The album is dedicated to a close friend who died last year, but more broadly speaking, "I Hate Music" wants to explore various kinds of loss: of innocence, of youth, of friendships, of passions that struggle and sometimes fail to survive.
(SOUNDBITE OF SONG, "OVERFLOW")
SUPERCHUNK: (Singing) Everything the dead don't know piles up like magazines, overflows. And everything that she won't see just swirls around, comes down and buries me. Oh. Do you like this place? Do you like this sound? Do you like this taste? Oh, yeah. You're not around. But you are still the window we are looking out, a prison and a lens and a flood and a drought. Oh, oh.
TUCKER: Throughout this album, Mac McCaughan pushes his middle-aged adenoids into ever-more plangent tones, even as the guitar work of Jim Wilbur maintains a ferocious denial of the doubt that lurks within most of the lyrics. This creates a sparky tension in the music. The voice sometimes fights against the instruments. At other times, the downer vibe triumphs. And occasionally - as on this song called "Low F" - they achieve a lovely unity.
(SOUNDBITE OF SONG, "LOW F")
SUPERCHUNK: (Singing) Brace me. Brace me. Stand me up and race me. You found the sun while I'm collapsing under the shade tree. Staring at the flowers painted on your floor. Well, I've been down here before. And you caught me singing, said can you meet me down at low F? And I missed the question, but you had my answer yes, yes.
TUCKER: What will keep us upright, goes a line in that Superchunk song. And the answer, a few lines later, is love, with the typically Superchunkian afterthought: at the risk of sounding obvious. The band need not fret about that. Obviousness is a quality the band has avoided for more than 20 years now. Indeed, this is one of the few bands to have emerged from the early '90s whose work has actually improved as its members have gotten older and wiser.
In 2010, after a nine-year gap in Superchunk albums, they released one of their best ever: "Majesty Shredding." And there are a number of superlative moments on this new one, including "Low F" and this wonderfully vivid road song "Trees of Barcelona."
(SOUNDBITE OF SONG, "TREES OF BARCELONA")
SUPERCHUNK: (Singing) Never were a festival crowd. Indeed (unintelligible) into the early morning smiling and tired, but filing in wire. Drunk and absorbent, so happy, so happy again with that flow. (unintelligible) streets made modern. They glow and glow while children like locusts hold it in their own with the 5,000 hopes and the Chevy and the bombs. Will they carry me? They fly out behind, and the world splits our mind, flying through Barcelona.

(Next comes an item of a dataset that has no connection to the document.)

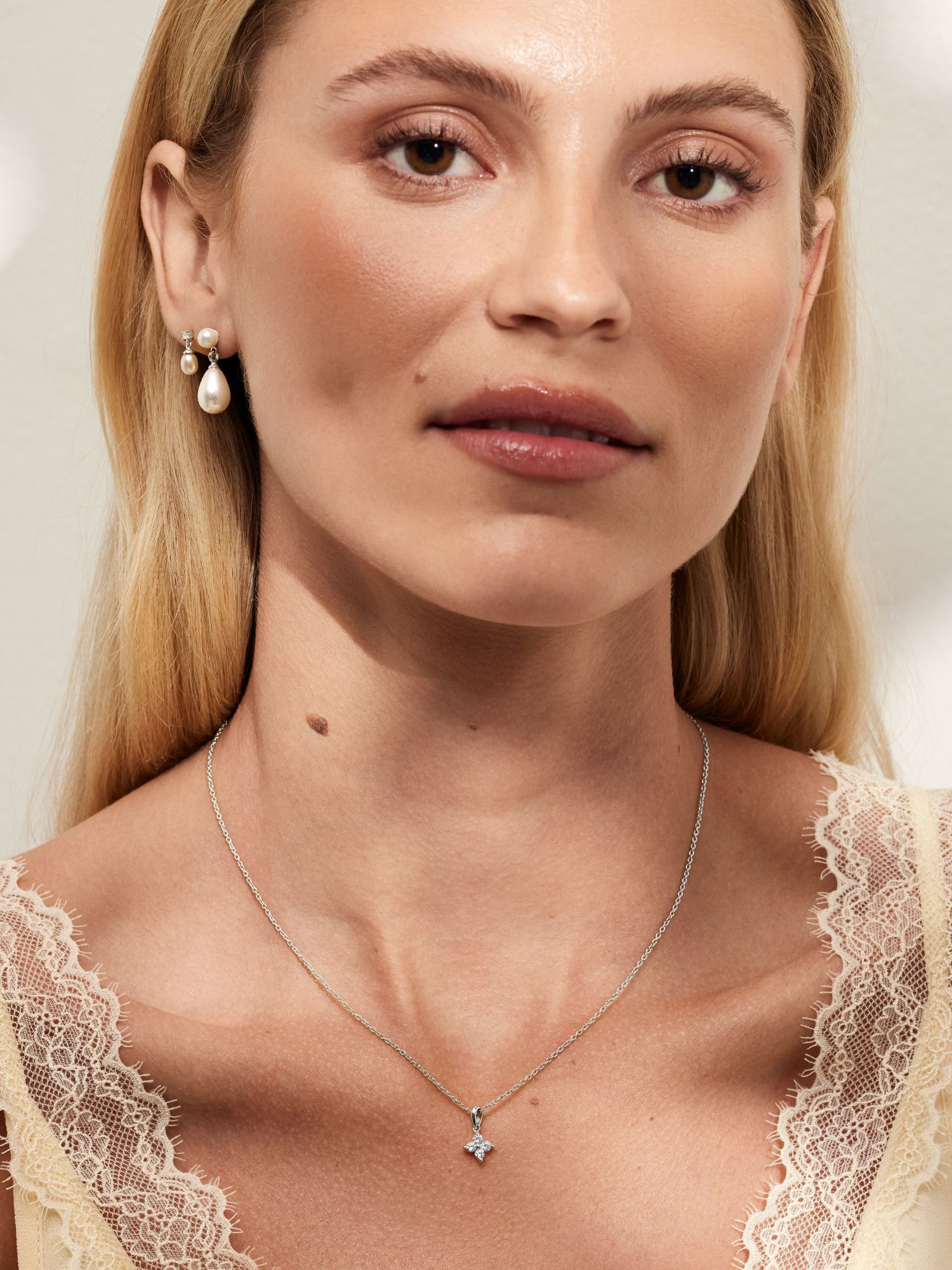 Lily Halsband bild 2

TUCKER: The final song on "I Hate Music" is called "What Can We Do?" which finds Superchunk in one of its periodic quiet moments. It has a lyric about the negativity and pessimism that the band feels surrounding them, even as the pounding drums of Jon Wurster slam out a denial of those sentiments. When joined by the guitars and a soaring vocal, that drumbeat becomes a heartbeat, a sign of the enduring health and vigor of Superchunk.
GROSS: Ken Tucker reviewed Superchunk's new album "I Hate Music."